Court Opinion

ID: 3767786
Source: CourtListenerOpinion
Date Created: 2016-07-06 07:21:34.215264+00
Date Added: 2024-06-11T13:42:58.959461
License: Public Domain

OPINION                             JUDGMENT ENTRY
 STATEMENT OF THE FACTS AND CASE
{¶ 1} The facts indicate that RR Visual, Inc. ("RR") was the owner of a Hummer motor vehicle which it acquired for business purposes in 1999. In early 2001, it placed an advertisement in a trade publication to sell such vehicle.
{¶ 2} One Kelly Davis, calling herself Tameka Lewis, contacted RR as to buying the Hummer.
{¶ 3} She made arrangements with RR whereby the latter would bring the Hummer to Detroit and that she would provide a cashier's check for the $45,000 purchase price.
{¶ 4} A delay in her arriving to complete the sale occurred causing some concern to RR, but she did arrive, provided the check and received the vehicle.

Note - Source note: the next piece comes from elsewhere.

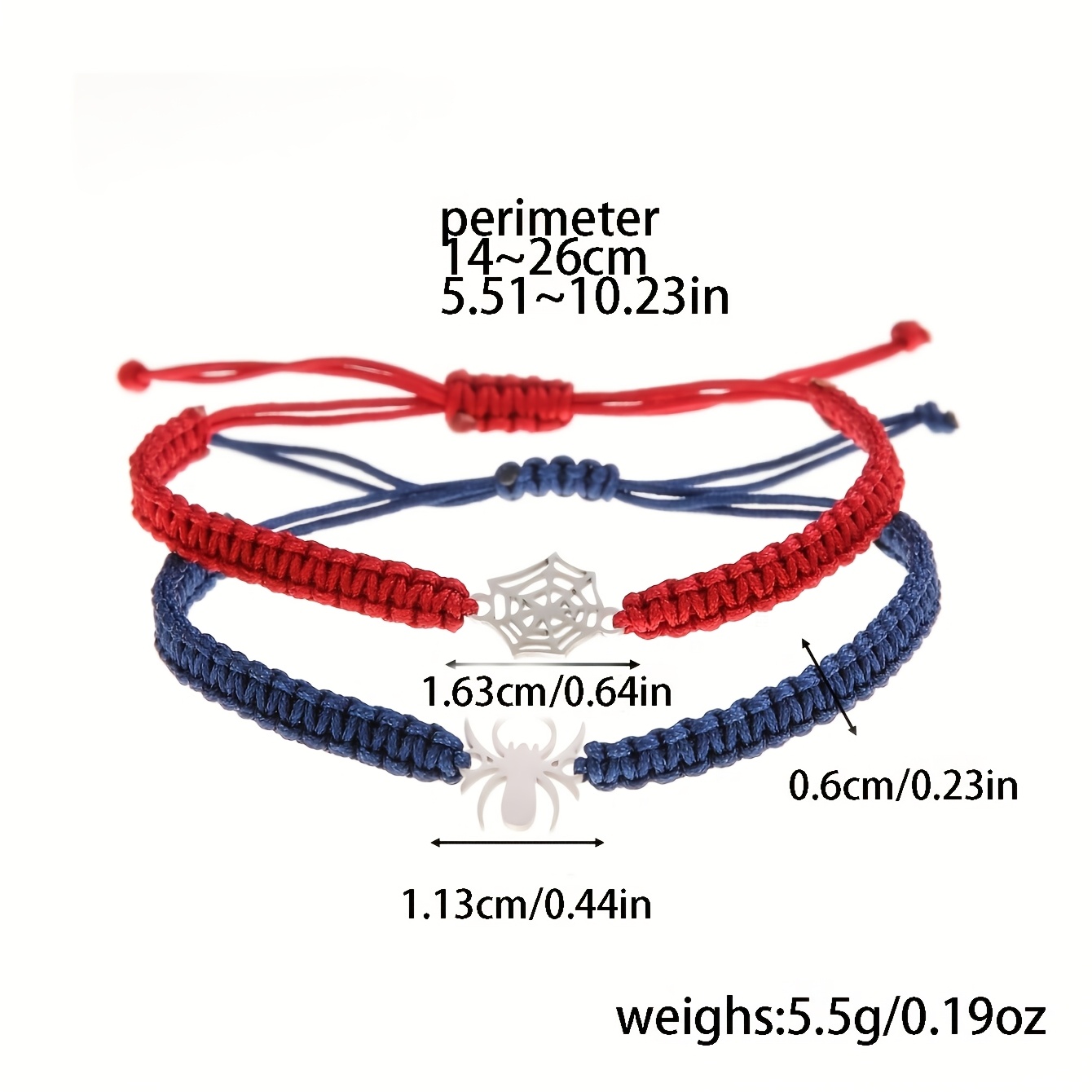 E-shop 2er-Set Spinnennetz passende Partner-Armbänder für Damen Herren, handgefertigter geflochtener Seil-Anhänger, Goth Y2K Ästhetik Distanz-Schmuck,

{¶ 5} The check was counterfeit and various law enforcement agencies were notified. The vehicle identification number ("VIN number") was entered into the National Computer database ("NCIC") as a stolen vehicle and into that maintained by the Michigan Secretary of State.

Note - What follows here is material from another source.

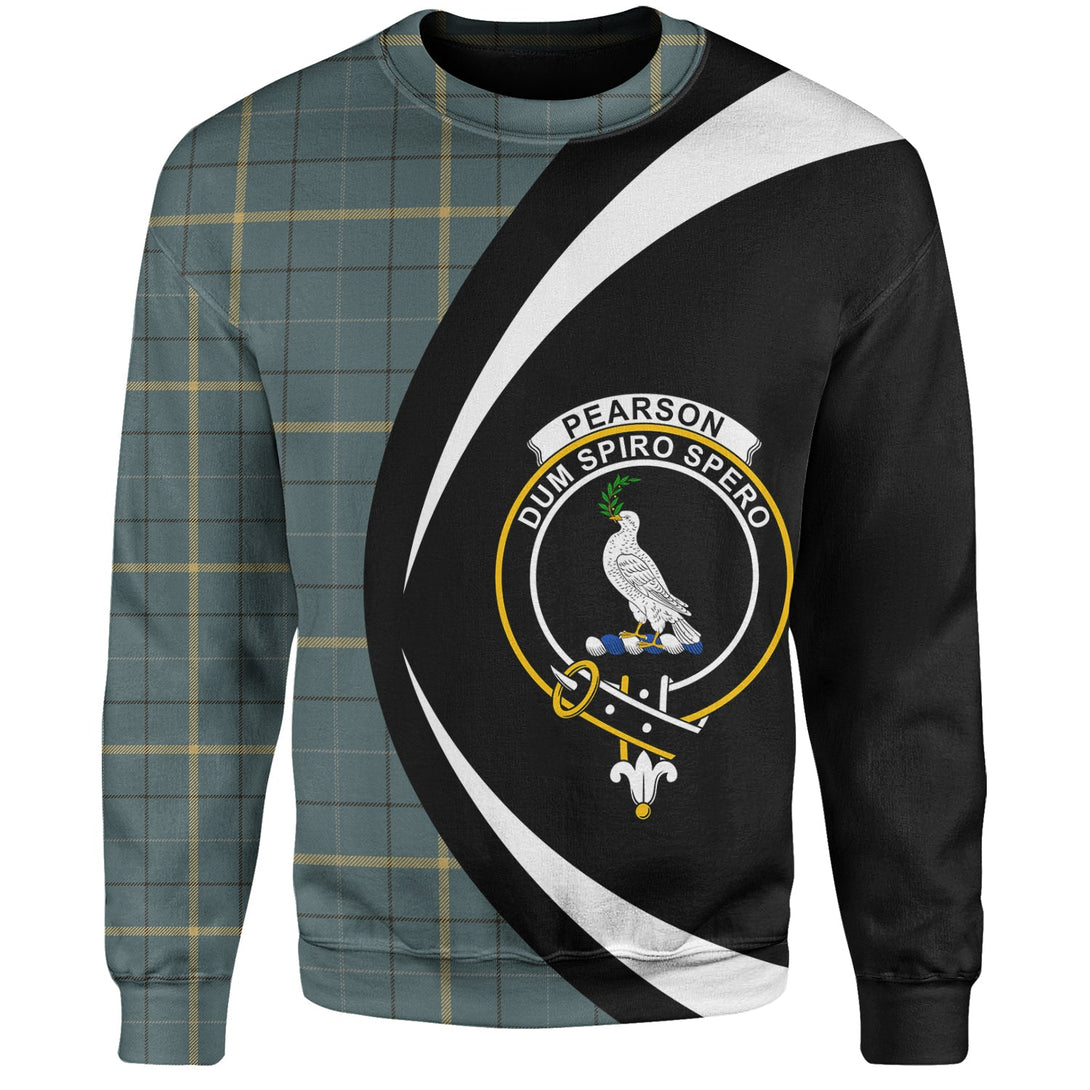 Pearson Weathered Clan Badge Tartan Sweatshirt Circle Style Personalized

{¶ 6} As Tameka Lewis, Davis obtained a Michigan certificate of title and subsequently a duplicate thereof. On the same day, February 27, 2001, that the duplicate was issued, the Michigan Secretary of State issued a stop action order as to transfer of such vehicle.

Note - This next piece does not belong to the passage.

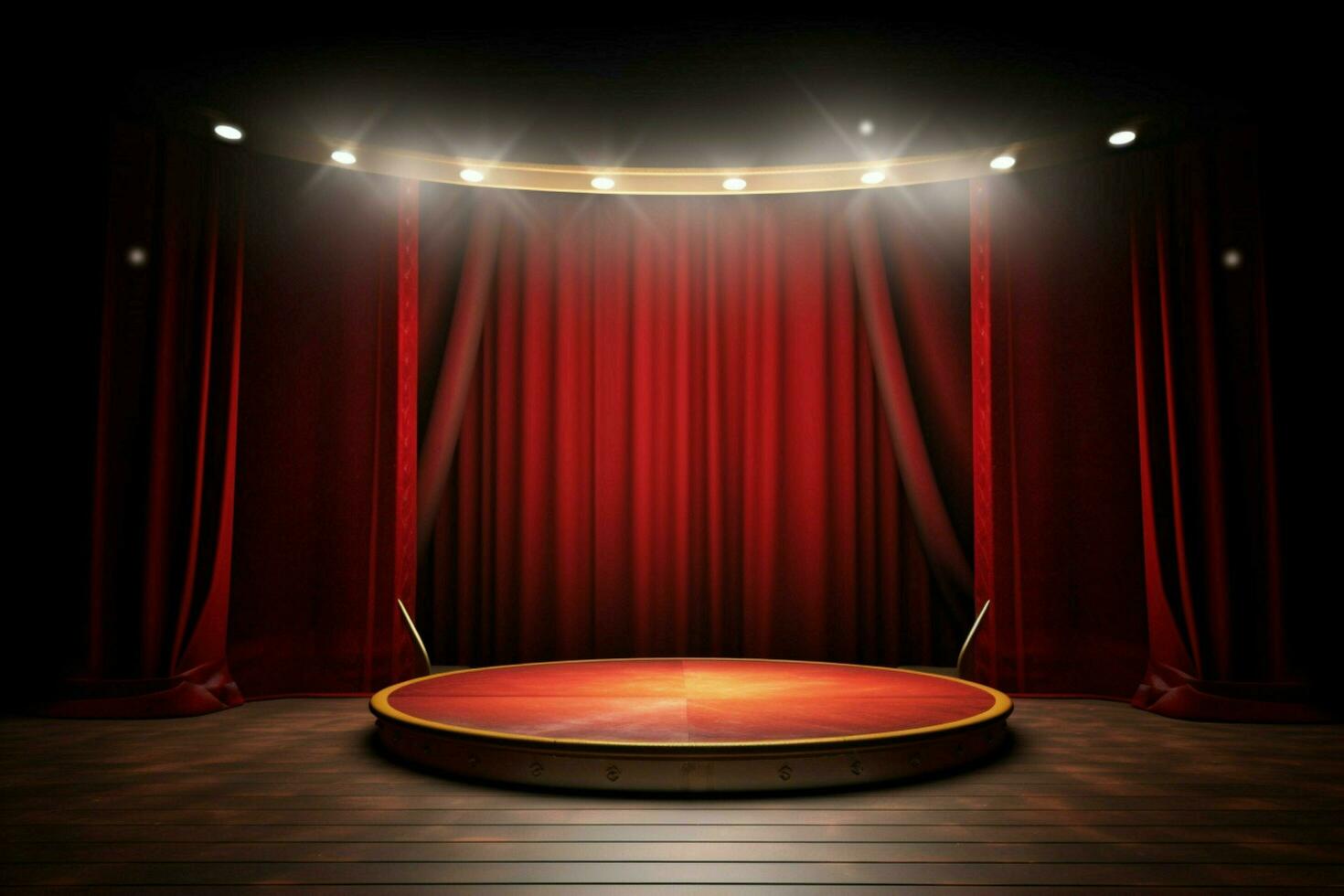 a stage with a blank banner in the center photo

{¶ 7} On the next day, Davis sold the Hummer to L.A. Trading Co. ("L.A."), a licensed used car dealership in Detroit for $12,000.
{¶ 8} On March 1, 2001, L.A. auctioned the vehicle through Manheim's Metro Detroit Auction, Inc. ("Manheim"). Loudon Motor's Inc. ("Loudon"), a licensed Ohio dealership was the purchaser at $23,000. Loudon then obtained an Ohio certificate of title.
{¶ 9} On March 9, 2001, Loudon sold the Hummer to Richard and Jan Bernsee, Florida residents, who also obtained an Ohio certificate or title.
{¶ 10} Loudon was notified by the United States Secret Service as to the Hummer being a stolen vehicle on April 23, 2001.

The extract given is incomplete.